Blag's bag of rants: junio 2015

lunes, 29 de junio de 2015

Exploring SparkR

A colleague from work, asked me to investigate about Spark and R. So the most obvious thing to was to investigate about SparkR -;)

I installed Scala, Hadoop, Spark and SparkR...not sure Hadoop is needed for this...but I wanted to have the full picture -:)

Anyway...I came across a piece of code that reads lines from a file and count how many lines have a "a" and how many lines have a "b"...

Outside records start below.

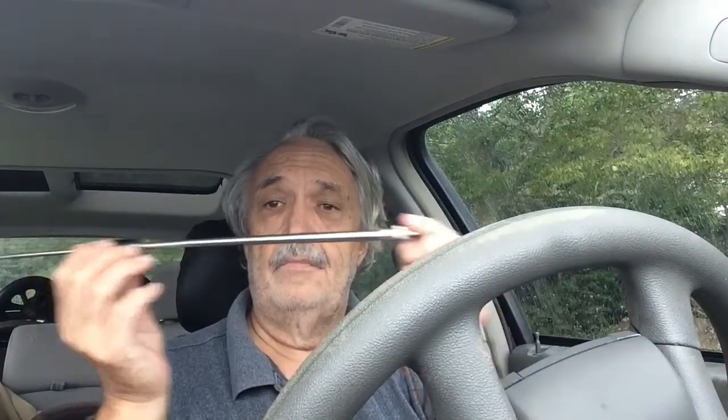This antenna actually extends quite a bit more, but if you read the instructions, to tune it to two meters you put in just one little section. Now I have quite a long antenna, and it dramatically increases both the receive and transmit power of my handheld. This puts out two watts.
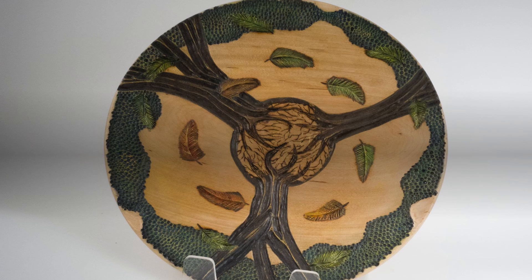Cycle of Life. River birch. Nine and three-quarter inch diameter, one inch height. Wood turned, carved, wood burned with acrylic paint.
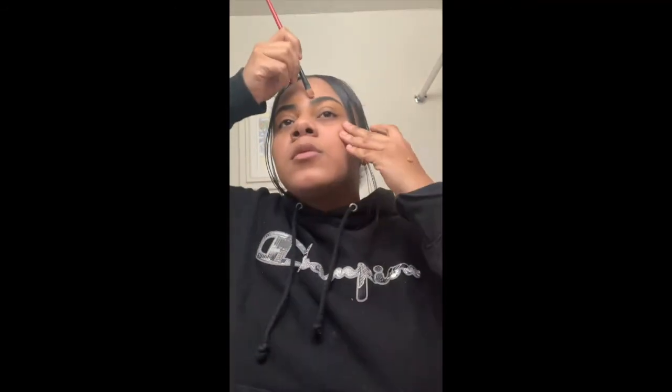I'm using the NARS Pure Radiant Tinted Moisturizer in the color Santiago. That's going to help my eyebrows look more natural. This foundation smells really good, but you don't even have to use it as a foundation — I'm using it more as a concealer too. I like to do the front of my eyebrow first with the concealer and just connect each eyebrow so that they're lined up together.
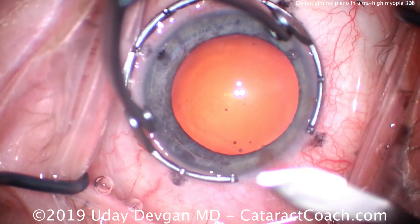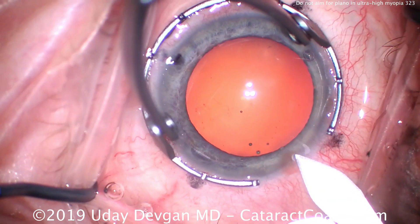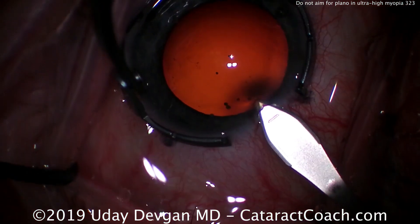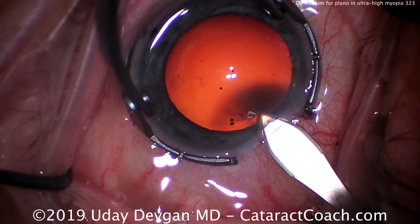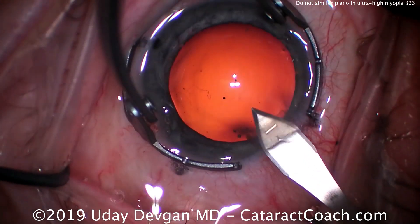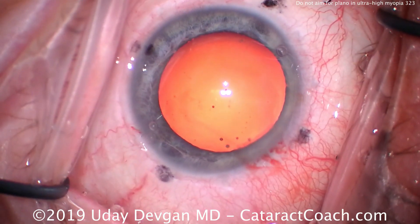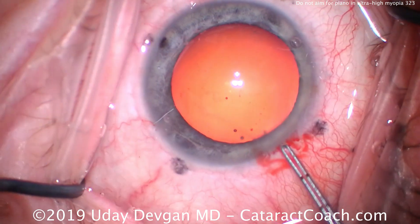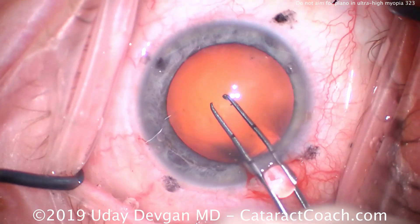Here's a cataract surgeon dealing with a very myopic eye. The first giveaway is how big the white-to-white is compared to the fixation ring. The fixation ring has a diameter of 13 millimeters, and this cornea fills that completely — so you're looking at a white-to-white measurement of about 13 millimeters. That's a big cornea, a big eye. Axial length is well over 30 millimeters.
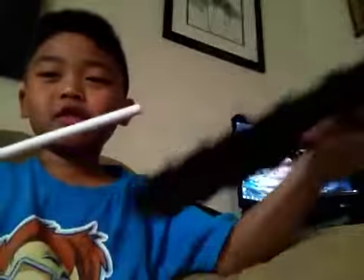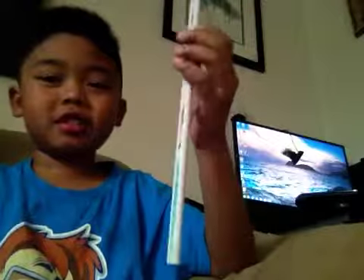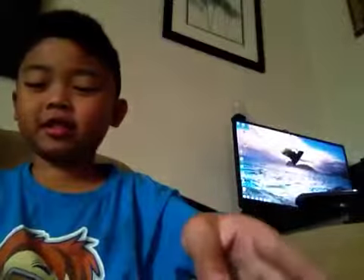Hi guys, today I'm going to be showing you what's inside your toy pickaxe, like this. What's in it — it's like when I broke it, you see this tube of some sort. And this is what I found inside of it.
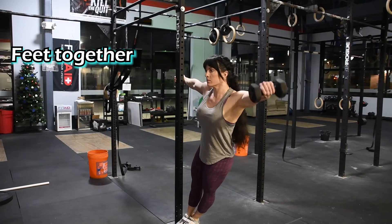Lower the weight back to the point you just lose tension on the shoulder muscle. Repeat for the prescribed number of reps.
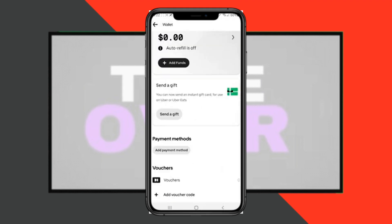But if you want to add a Visa gift card, you have to go back. On this page, you have to tap on Payment Method, and here you have to tap on Credit or Debit Cards.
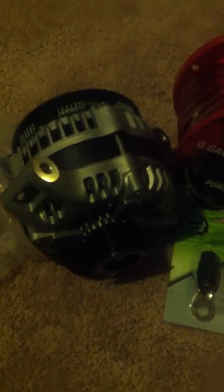Yes, that's what it is — the nice XP270 alternator. What I'm going to do is shoot a video of my truck before I put it in, and then shoot a video after I have it installed.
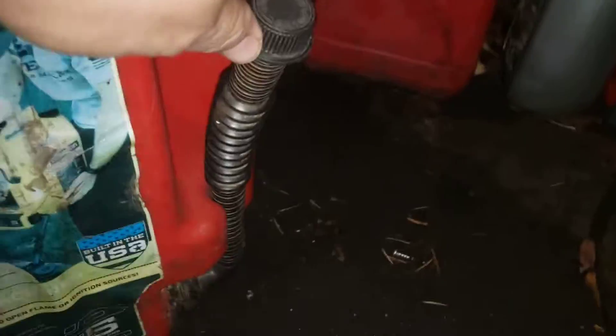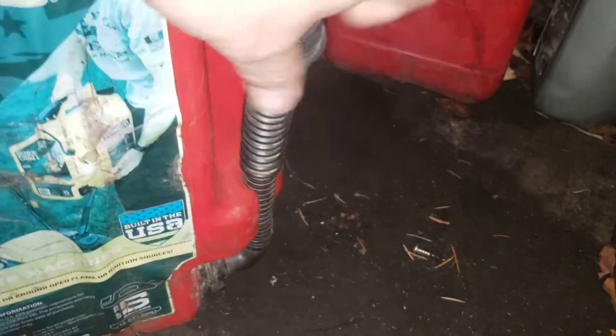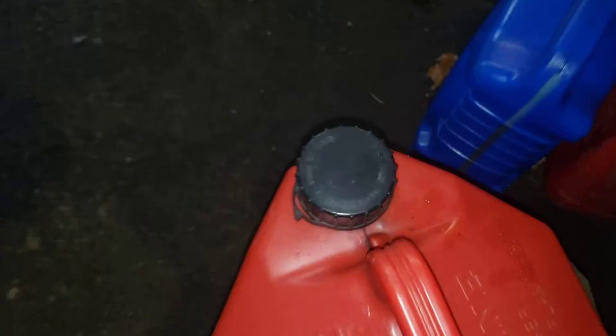The spout comes down here, press the lever — I broke the lock and spring out of it, I should say the lock. So you don't have mess all over the place, and you fill it from the back.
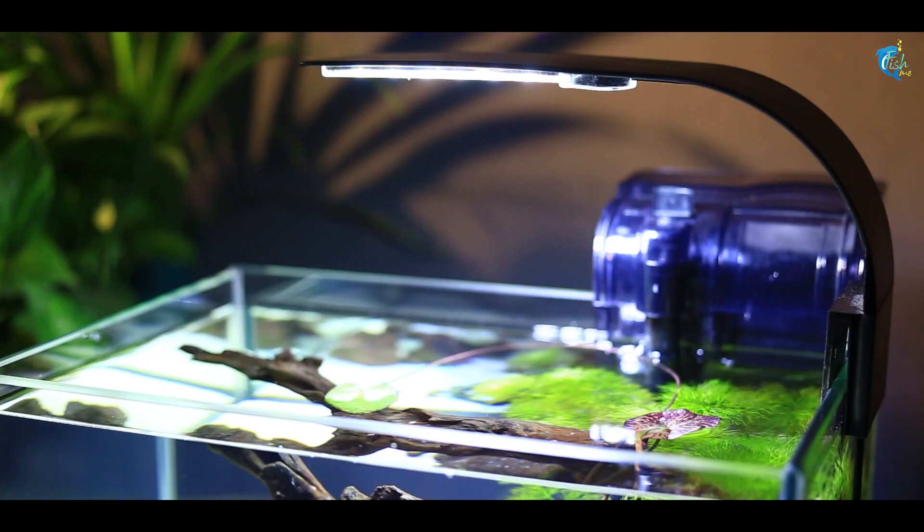For the plants to thrive, with every water change you should add liquid fertilizer in the appropriate amount.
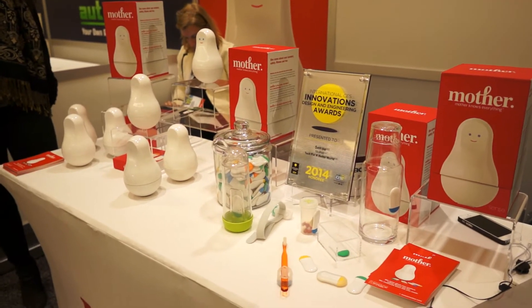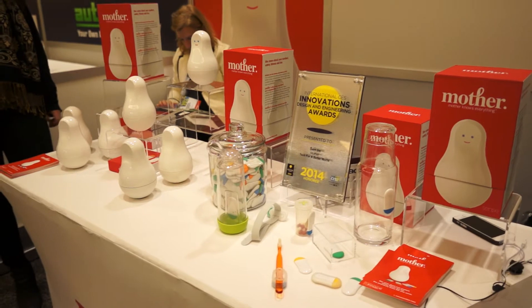Hey everybody, this is Davindro Hardware here from VentureBeat and I'm looking at the Mother gadget from Sense. I'm with the creator here. Can you introduce yourself? I'm Rafi. Can you tell me a bit about the Mother and what it actually does?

For this code I used the lyrics of Girls Not Grey by AFI...

SparkR.R
library(SparkR) start.time <- Sys.time() sc <- sparkR.init(master="local") logFile <- "/home/blag/R_Codes/Girls_Not_Grey" logData <- SparkR:::textFile(sc, logFile) numAs <- count(SparkR:::filterRDD(logData, function(s) { grepl("a", s) })) numBs <- count(SparkR:::filterRDD(logData, function(s) { grepl("b", s) })) paste("Lines with a: ", numAs, ", Lines with b: ", numBs, sep="") end.time <- Sys.time() time.taken <- end.time - start.time time.taken

SparkR.R

library(SparkR)

start.time <- Sys.time()
sc <- sparkR.init(master="local")
logFile <- "/home/blag/R_Codes/Girls_Not_Grey"
logData <- SparkR:::textFile(sc, logFile)
numAs <- count(SparkR:::filterRDD(logData, function(s) { grepl("a", s) }))
numBs <- count(SparkR:::filterRDD(logData, function(s) { grepl("b", s) }))
paste("Lines with a: ", numAs, ", Lines with b: ", numBs, sep="")
end.time <- Sys.time()
time.taken <- end.time - start.time
time.taken

0.3167355 seconds...pretty fast...I wonder how regular R will behave?

PlainR.R
library("stringr") start.time <- Sys.time() logFile <- "/home/blag/R_Codes/Girls_Not_Grey" logfile<-read.table(logFile,header = F, fill = T) logfile<-apply(logfile[,], 1, function(x) paste(x, collapse=" ")) df<-data.frame(lines=logfile) a<-sum(apply(df,1,function(x) grepl("a",x))) b<-sum(apply(df,1,function(x) grepl("b",x))) paste("Lines with a: ", a, ", Lines with b: ", b, sep="") end.time <- Sys.time() time.taken <- end.time - start.time time.taken

PlainR.R

library("stringr")

start.time <- Sys.time()
logFile <- "/home/blag/R_Codes/Girls_Not_Grey"
logfile<-read.table(logFile,header = F, fill = T)
logfile<-apply(logfile[,], 1, function(x) paste(x, collapse=" "))
df<-data.frame(lines=logfile)
a<-sum(apply(df,1,function(x) grepl("a",x)))
b<-sum(apply(df,1,function(x) grepl("b",x)))
paste("Lines with a: ", a, ", Lines with b: ", b, sep="")
end.time <- Sys.time()
time.taken <- end.time - start.time
time.taken

Nice...0.01522398 seconds...wait...what? Isn't Spark supposed to be pretty fast? Well...I remembered that I read somewhere that Spark shines with big files...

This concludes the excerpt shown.